1. A system configured to provide a replenishable receptacle for a tracer material in a wellbore, the system comprising:
a first receptacle configured to contain tracer material and release tracer material into fluid flowing in a wellbore, the tracer material including a distinctive element or chemical configured to facilitate determining information associated with presence and/or movement of fluid in the wellbore;
wherein the release of the tracer material is caused by the fluid flowing adjacent to the first receptacle such that a rate of the release of the tracer material is based on a rate of flow of the fluid in the wellbore; and
wherein the first receptacle is further configured to be refilled with tracer material responsive to the tracer material contained by the first receptacle being depleted or require changing.
2. The system of claim 1, wherein the first receptacle is further configured to be installed above or within a producing zone in the wellbore.
3. The system of claim 1, wherein the first receptacle is further configured to be refilled with tracer material via one or more of a wireline, a coiled or capillary tubing, a tractor, a robot, or work-string and/or tubing from a light intervention vessel.
4. The system of claim 1, wherein the first receptacle is further configured to be refilled while the wellbore is shut in or producing at a safe rate.
5. The system of claim 1, wherein the first receptacle is further configured to house a memory device and/or a power storage device, the memory device being configured to measure and/or store information associated with one or more of pressure, temperature, composition, or flow rate of fluid in the wellbore, the power storage device including one or more of an energy source or a battery cell.
6. The system of claim 1, wherein the wellbore is associated with a multi-lateral well, an intelligent well completion, or a commingled completion.
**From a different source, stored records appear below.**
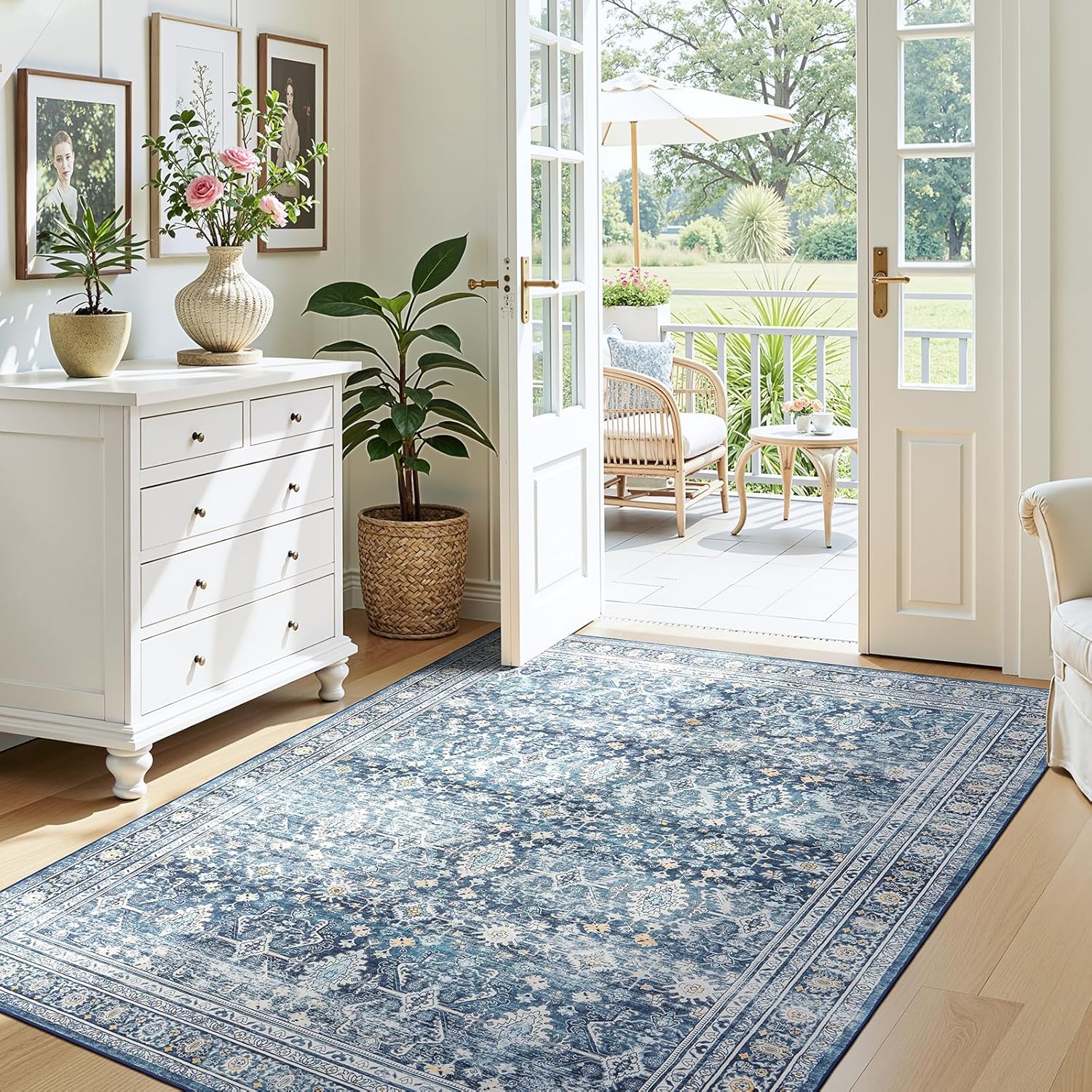 Green Washable Boho Area Rug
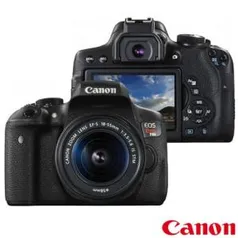 Câmera Digital Canon EOS Rebel T6i DSLR com 24.2 MP, Tela 3", Zoom Óptico de 3x - R$ 2299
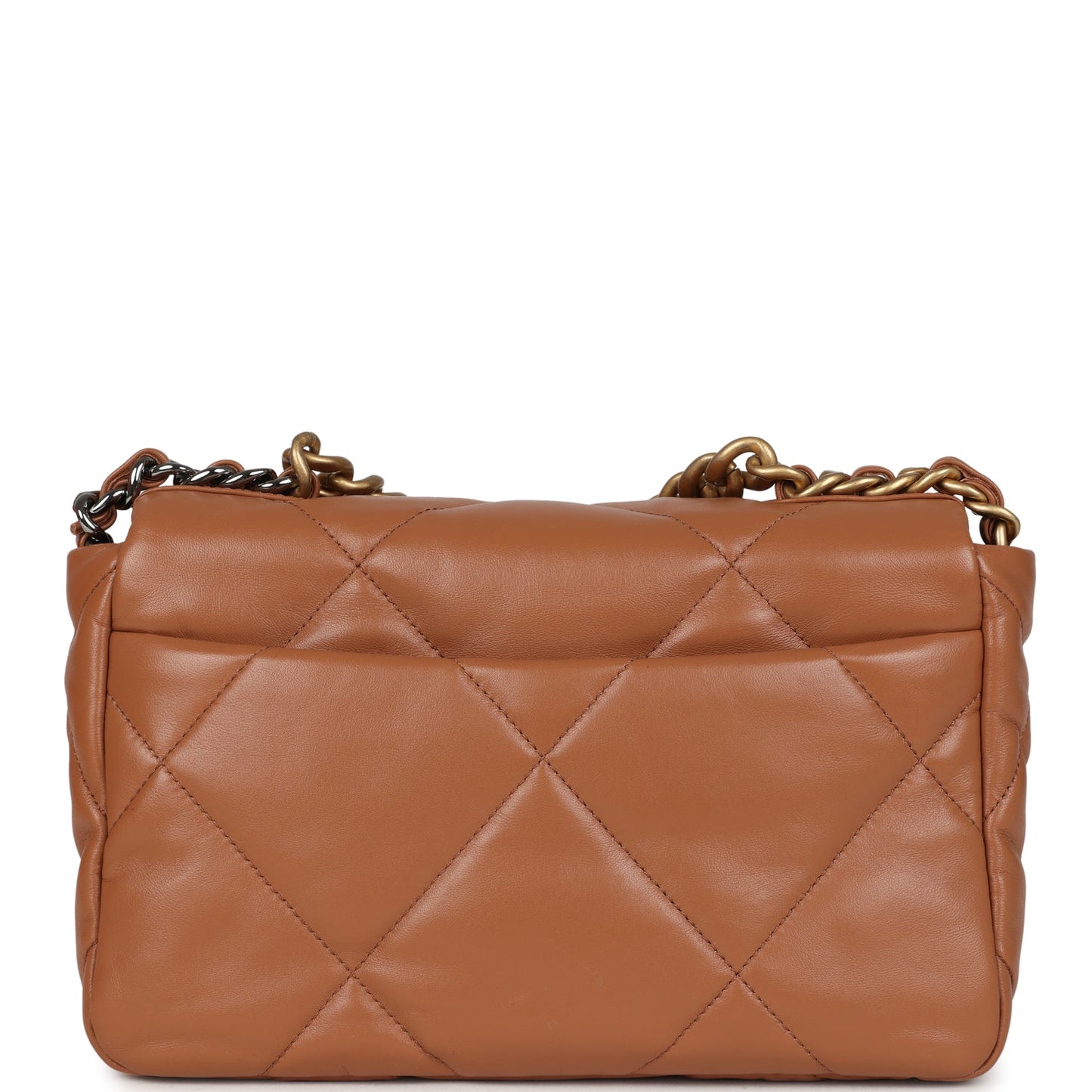 Chanel Medium 19 Flap Caramel Shiny Lambskin Mixed Metal Hardware Shoulder Bag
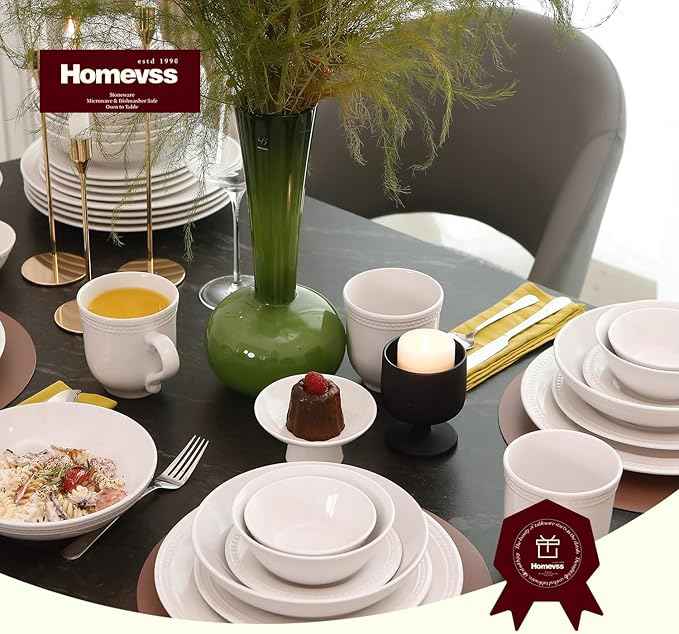 Peal Dots Stoneware Dinnerware Set (42pc Set, White)
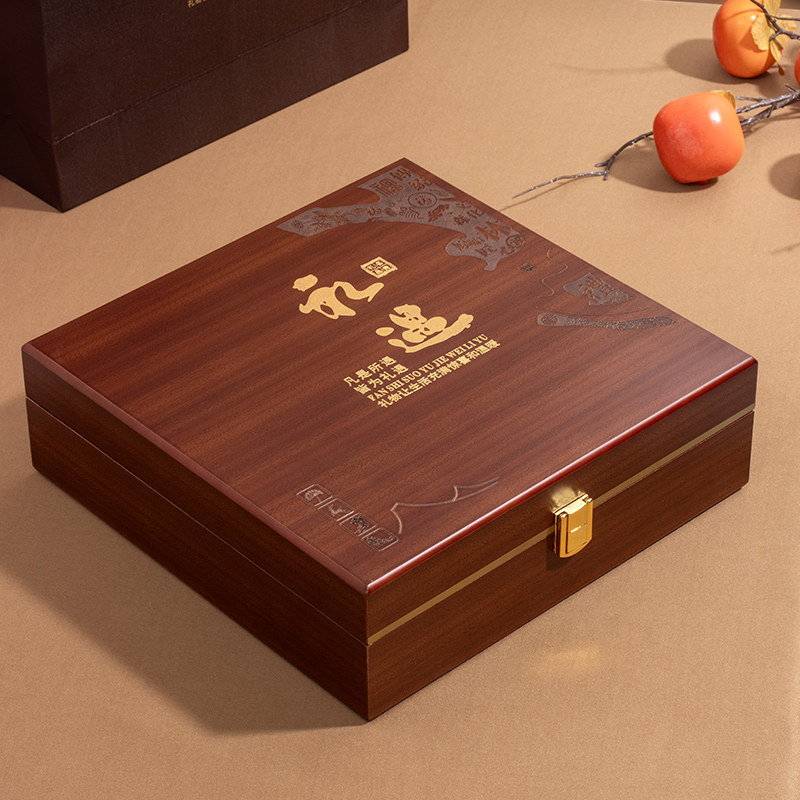 石斛包装盒西洋参海参元贝鲍鱼海马高档升降雕刻木礼品盒圆形内盒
7. The system of claim 1, further comprising a second receptacle, the first receptacle being associated with a first zone in the wellbore and the second receptacle being associated with a second zone in the wellbore, the first receptacle and the second receptacle being configured to contain different types of tracer material to facilitate determination of a first flow rate associated with first zone and a second flow rate associated with the second zone.
8. The system of claim 7, further comprising one or more additional receptacles each being associated with corresponding zones in the wellbore, individual ones of the one or more additional receptacles being configured to facilitate determinations of flow contributions and/or fluids from corresponding zones and/or provide additional options for measurement locations.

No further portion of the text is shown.